**DATA SUPPLIED:**
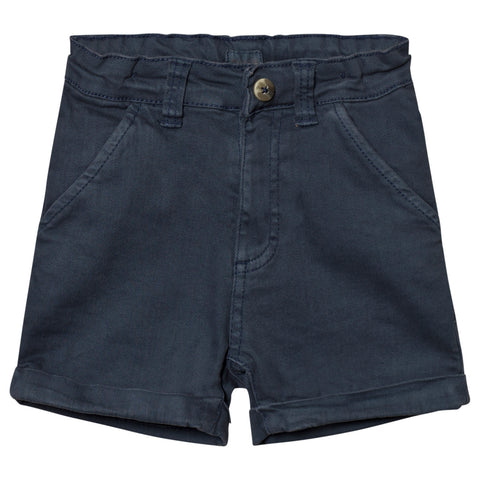 Boys White and Blue cotton Bermuda Shorts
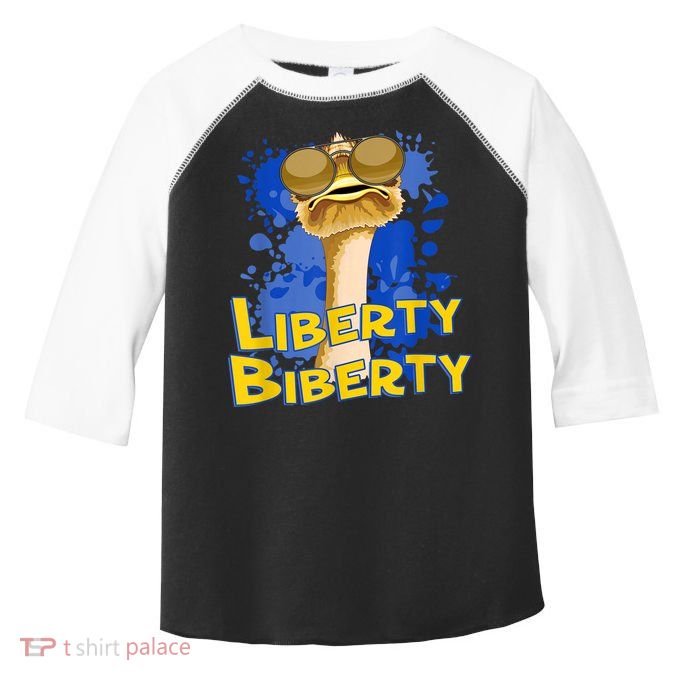 Funny Liberty Biberty Ostrich Sunglasses Humor Blue Toddler Fine Jersey T-Shirt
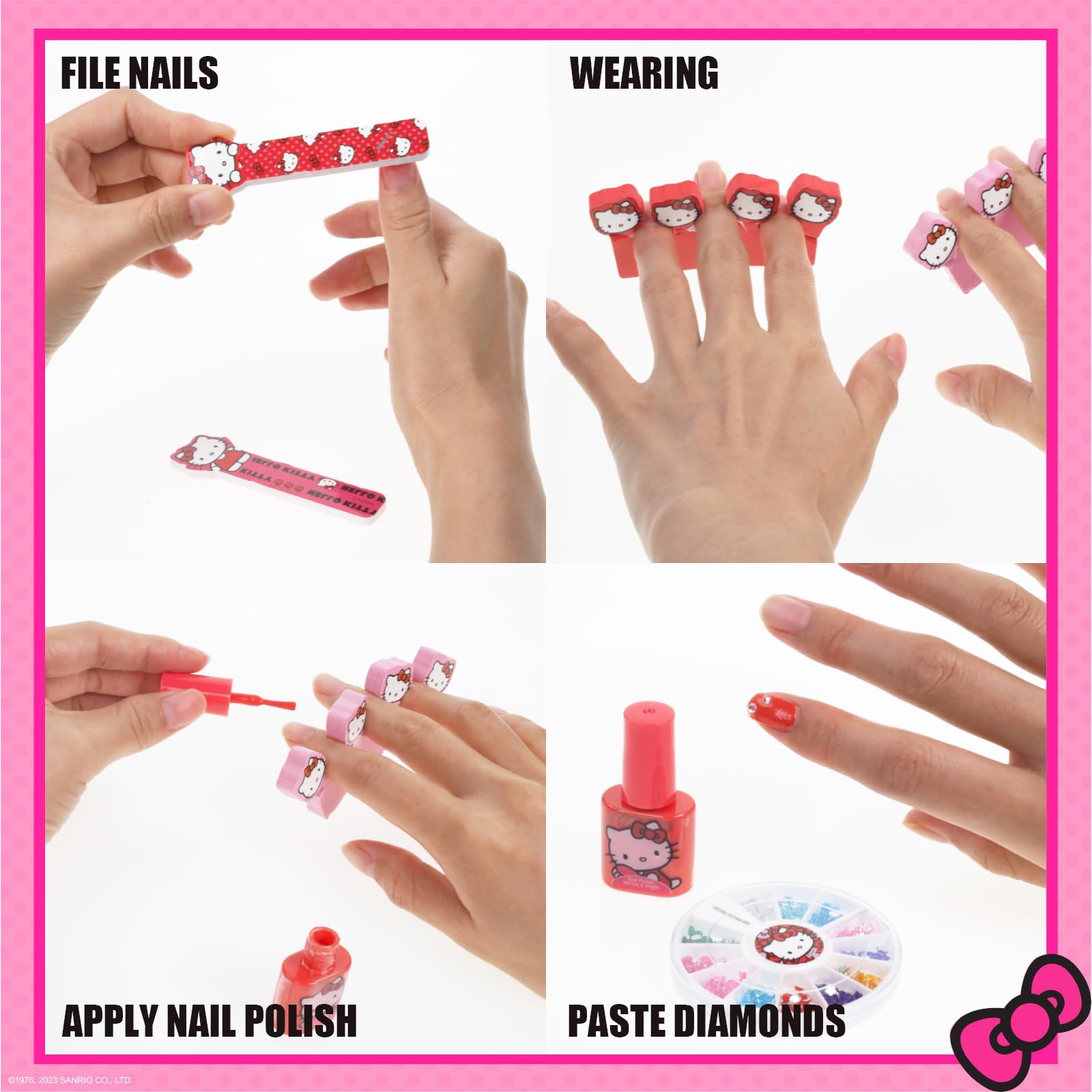 Pegatinas decorativas para uñas del kit Hello Kitty de Townley Girl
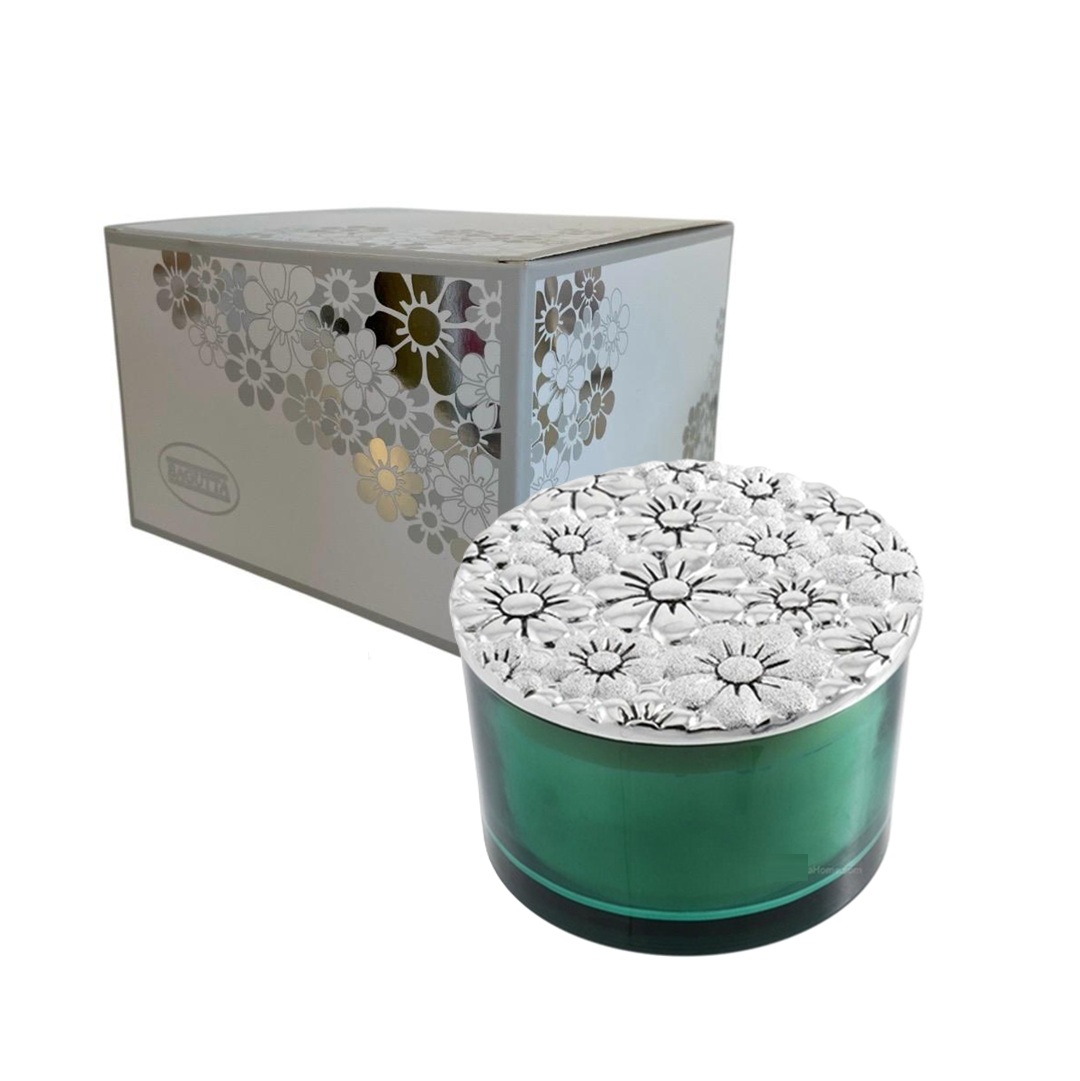 Candela profumata in vasetto tondo con coperchio Margherite argentate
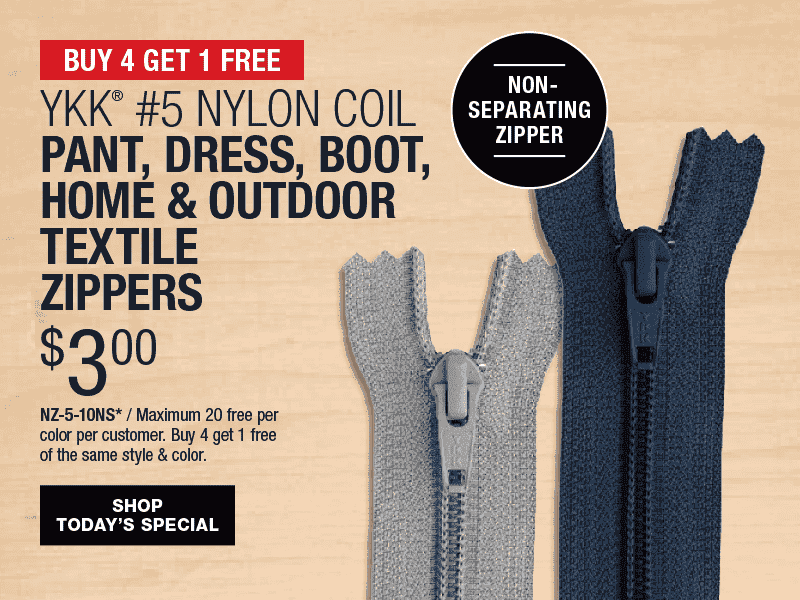 Buy 4 Get 1 Free - YKK® #5 Nylon Coil Pant, Dress, Boot, Home & Outdoor Textile Zippers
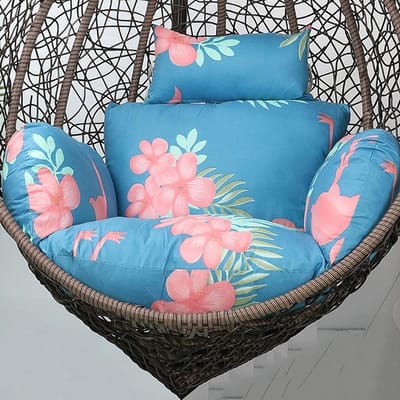 Alleen hangstoelkussen, 8 cm dik voor buiten, hangmand, zitkussen, met verstelbare hoofdsteun, afneembaar wasbaar schommelstoelkussen voor strandterras, tuin (pauw blauw)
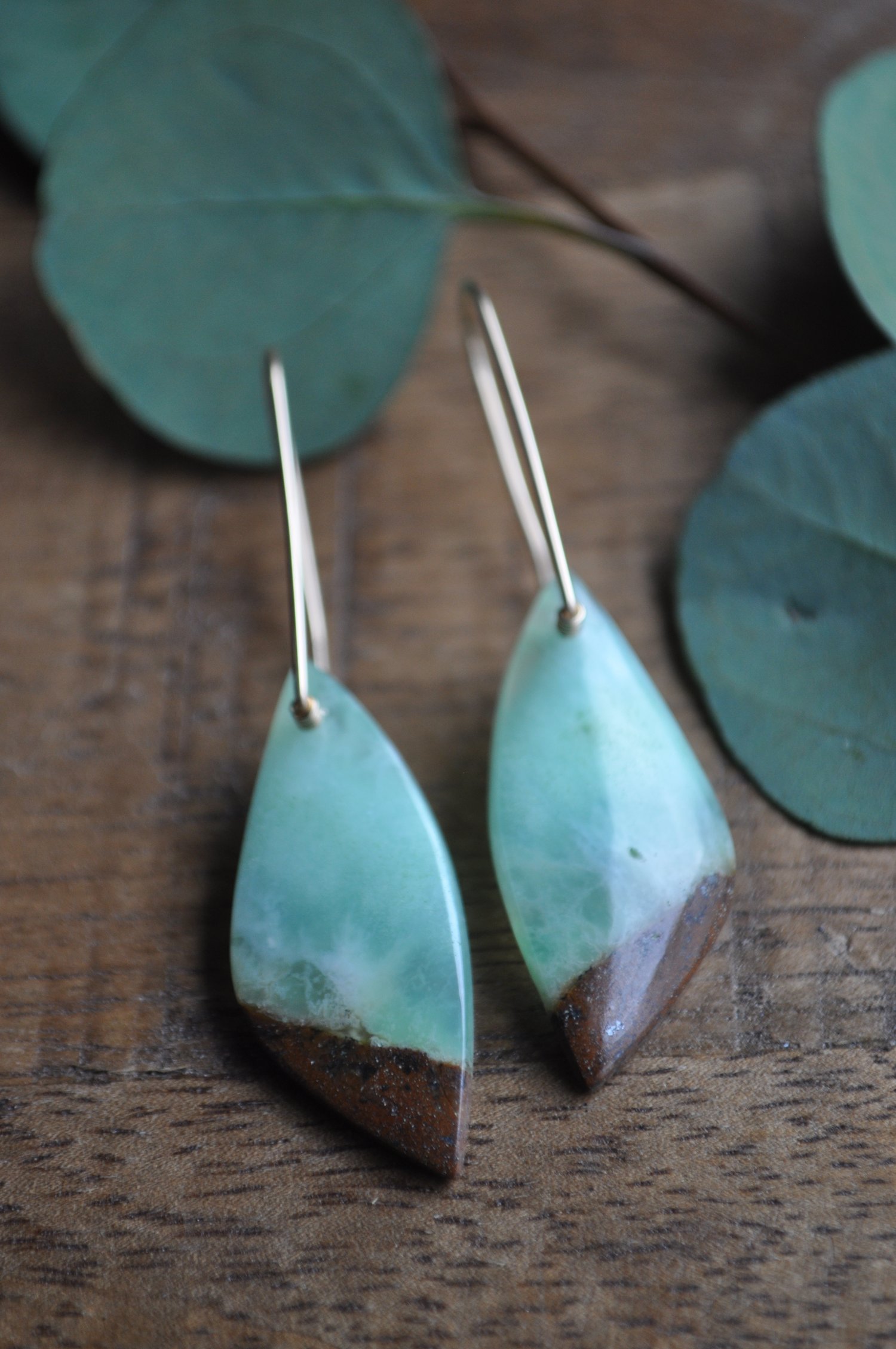 Image of One of a kind Bi-Color Chrysoprase Wing Dangles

**TRY IT:**
Would you please repeat each record exactly? Leave the pictures out.

**TASK RESPONSE:**
 Boys White and Blue cotton Bermuda Shorts
 Funny Liberty Biberty Ostrich Sunglasses Humor Blue Toddler Fine Jersey T-Shirt
 Pegatinas decorativas para uñas del kit Hello Kitty de Townley Girl
 Candela profumata in vasetto tondo con coperchio Margherite argentate
 Buy 4 Get 1 Free - YKK® #5 Nylon Coil Pant, Dress, Boot, Home & Outdoor Textile Zippers
 Alleen hangstoelkussen, 8 cm dik voor buiten, hangmand, zitkussen, met verstelbare hoofdsteun, afneembaar wasbaar schommelstoelkussen voor strandterras, tuin (pauw blauw)
 Image of One of a kind Bi-Color Chrysoprase Wing Dangles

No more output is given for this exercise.